L’émergence du Cambodge comme « paradis » pour les gangs d’escrocs en ligne spécialisés dans le trafic de main-d’œuvre forcée a gravement porté atteinte à la réputation de la destination en Chine.
Avant la pandémie, la Chine était la principale source de visiteurs internationaux au Cambodge. Le ministère du Tourisme du pays a lancé China Ready, un programme visant à certifier les hôtels conformes aux « normes chinoises », et espère attirer jusqu'à un million de touristes chinois cette année.
Mais le pays est confronté à un problème majeur : concurrencer des destinations low-cost concurrentes pour attirer les visiteurs du plus grand marché touristique émetteur du monde , d'une valeur de 255 milliards de dollars en 2019.
Malgré la promesse du gouvernement cambodgien de lutter contre les escroqueries en ligne, de nombreux « syndicats » d'escroqueries en ligne continuent d'opérer sans incident, selon des sources, selon le journal japonais Nikkei Asia .
Les touristes chinois arrivent au Cambodge après la pandémie au milieu d'une foule accueillante en février dernier
Mauvaise réputation
La Chine a autorisé ses citoyens à voyager à l'étranger en groupe plus tôt cette année. Mais Yang Ming, propriétaire d'une agence de voyages chinoise basée au Cambodge, a déclaré qu'il n'y avait quasiment aucun groupe de touristes ni aucun touriste indépendant…

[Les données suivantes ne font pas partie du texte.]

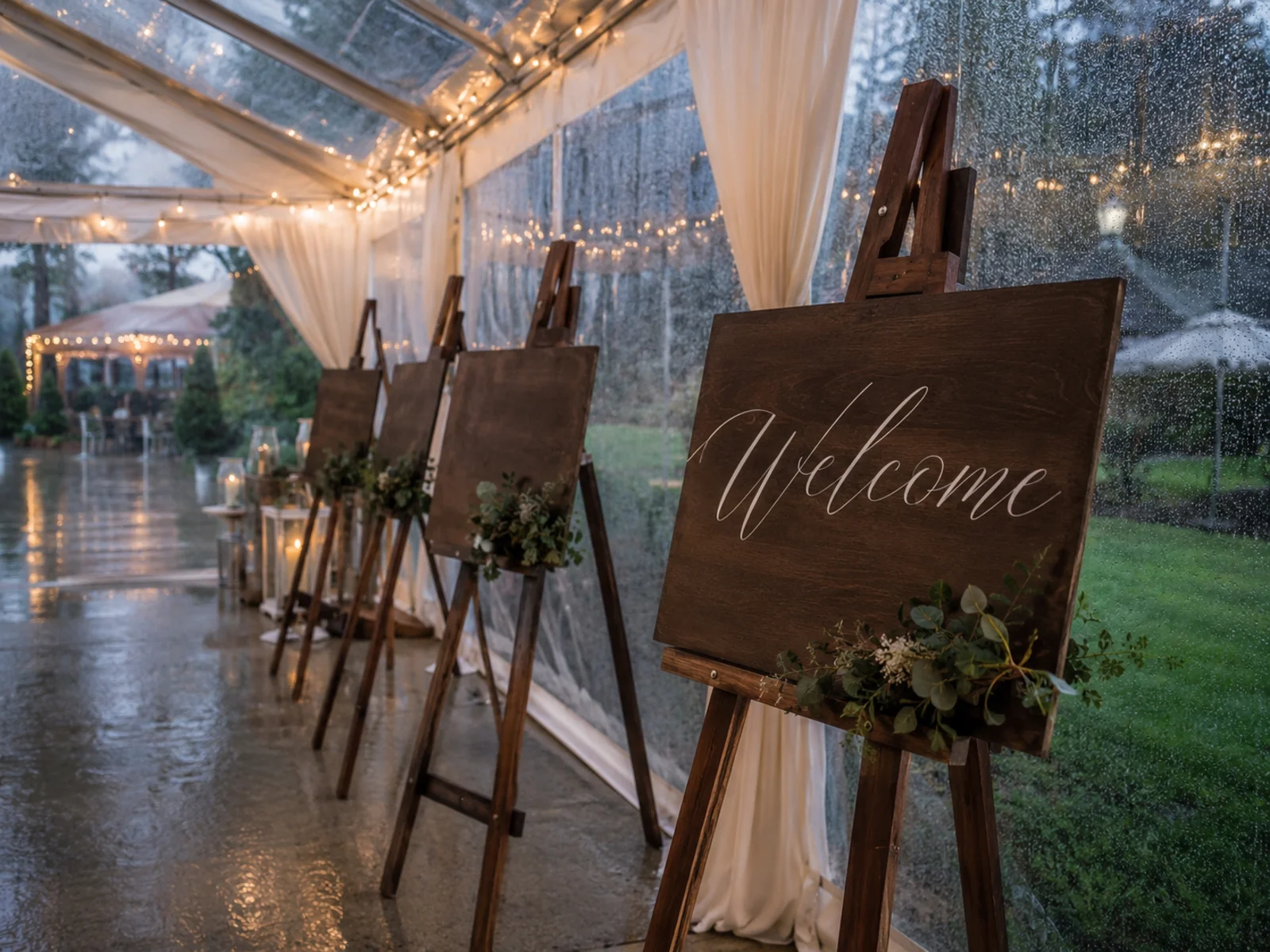 Row of finished wedding welcome signs on easels stored inside a tent entrance during rain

« Lorsque les touristes demandent un passeport ou un visa, la police chinoise leur demande où ils vont. Lorsqu'ils savent qu'ils vont au Cambodge, la police leur répond que le Cambodge n'est pas sûr », a-t-il déclaré.

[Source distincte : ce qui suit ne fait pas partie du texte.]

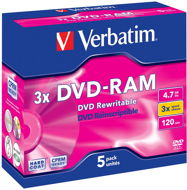 Verbatim DVD-RAM 3x, 5 db egy dobozban - Média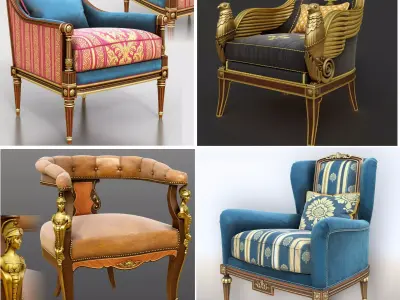 4 classic armchairs set 3D model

Des gangs de cyberfraude venus de Chine et d'Asie du Sud-Est prospèrent au Cambodge, alimentés par une corruption endémique. Une enquête de Nikkei Asia a révélé en 2021 que ces gangs attiraient des personnes, principalement originaires de Chine et d'Asie du Sud-Est, avec de fausses offres d'emploi, puis les arrêtaient et les forçaient à escroquer des personnes en ligne sous la menace de violences.
Le problème suscite une attention internationale croissante. En juin, Interpol a averti que des centres de fraude « à l'échelle industrielle » s'étaient propagés du Cambodge au Laos et au Myanmar, constituant une « menace mondiale ».
Plusieurs ressortissants chinois impliqués dans des fraudes en ligne ont été arrêtés (en chemise orange) et rapatriés de l'aéroport du Cambodge en 2017.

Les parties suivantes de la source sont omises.